Ballot access to fewer than 50 electoral votes

Socialist Equality Party nomination
The Socialist Equality Party nominated Jerry White for the Presidency and nominated Fred Mazelis for the Vice Presidency. White and Mazelis received 2,438 votes.

Ballot Access: Michigan, Minnesota, New Jersey (43 Electoral)

Socialist Party USA nomination
The Socialist Party USA nominated Mary Cal Hollis of Colorado and Eric Chester of Massachusetts. Hollis and Chester received 4,765 votes.

Ballot Access: Arkansas, Colorado, Oregon, Vermont, Wisconsin (35 Electoral)
Write-In Access: Florida, Indiana, Maryland, Massachusetts, Montana, Texas, Utah

Prohibition Party nomination
The Prohibition Party nominated Earl Dodge and Rachel Bubar Kelly. Dodge and Kelly received 1,298 votes.

Ballot Access: Arkansas, Colorado, Tennessee, Utah (30 Electoral)
Write-In Access: Illinois, Massachusetts

Grassroots Party nomination
The Grassroots Party nominated Dennis Peron. Peron received 5,378 votes.

Ballot Access: Minnesota, Vermont (13 Electoral)

American Party nomination
The American Party nominated Diane Beall Templin and Gary Van Horn. Templin and Van Horn received 1,847 votes.

Ballot Access: Colorado, Utah (13 Electoral)

Independent Party of Utah nomination
The Independent Party of Utah nominated Alma Peter Crane and Connie Chandler. Crane and Chandler received 1,101 votes.

Ballot Access: Utah (5 Electoral)

Independent candidates

Charles E. Collins
Charles E. Collins ran in the general election as an Independent after failing to attain the Republican or U.S. Taxpayers Party nominations for president. Rosemary Giumarra was his running mate. A group known as C.U.R.E. (Constitutionally Unified Republic for Everyone) also endorsed their candidacy. Collins and Giumarra received 8,941 votes (0.01% of the National Vote)
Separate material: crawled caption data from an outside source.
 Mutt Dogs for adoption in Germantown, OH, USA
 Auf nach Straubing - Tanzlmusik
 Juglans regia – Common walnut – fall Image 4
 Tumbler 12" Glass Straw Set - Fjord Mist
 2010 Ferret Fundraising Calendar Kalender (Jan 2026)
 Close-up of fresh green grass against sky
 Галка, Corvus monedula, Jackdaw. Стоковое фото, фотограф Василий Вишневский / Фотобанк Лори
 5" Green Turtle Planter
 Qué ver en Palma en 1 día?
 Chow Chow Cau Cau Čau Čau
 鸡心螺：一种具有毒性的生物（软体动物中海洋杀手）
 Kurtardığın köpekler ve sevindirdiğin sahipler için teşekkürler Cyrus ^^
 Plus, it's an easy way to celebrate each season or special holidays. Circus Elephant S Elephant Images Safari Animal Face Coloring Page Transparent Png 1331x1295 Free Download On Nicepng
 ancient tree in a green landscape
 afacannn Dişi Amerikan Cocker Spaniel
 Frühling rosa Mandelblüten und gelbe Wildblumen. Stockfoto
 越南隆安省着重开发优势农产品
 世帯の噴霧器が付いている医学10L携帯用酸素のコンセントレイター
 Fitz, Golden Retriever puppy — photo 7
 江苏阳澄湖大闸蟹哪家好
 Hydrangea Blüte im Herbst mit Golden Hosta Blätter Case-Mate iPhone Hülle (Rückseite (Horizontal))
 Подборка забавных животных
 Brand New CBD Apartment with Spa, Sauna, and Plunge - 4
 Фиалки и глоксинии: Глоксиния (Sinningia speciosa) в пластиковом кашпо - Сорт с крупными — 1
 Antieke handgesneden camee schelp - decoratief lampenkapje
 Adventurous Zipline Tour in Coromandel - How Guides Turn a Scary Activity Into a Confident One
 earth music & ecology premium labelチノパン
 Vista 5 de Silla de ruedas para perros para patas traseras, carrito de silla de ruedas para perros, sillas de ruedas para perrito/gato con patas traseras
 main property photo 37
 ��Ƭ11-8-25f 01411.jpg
Ballot Access: Arkansas, Colorado, Mississippi, Tennessee, Washington (36 Electoral)
Write-In Access: Arizona, California, Georgia, Idaho, Indiana, Kansas, Maryland, Missouri, Montana, Utah

Steve Michael
Steve Michael ran as an Independent under the banner of the AIDS Cure Party, with Anne Northrup as his running mate. Michael and Northrup received 408 votes.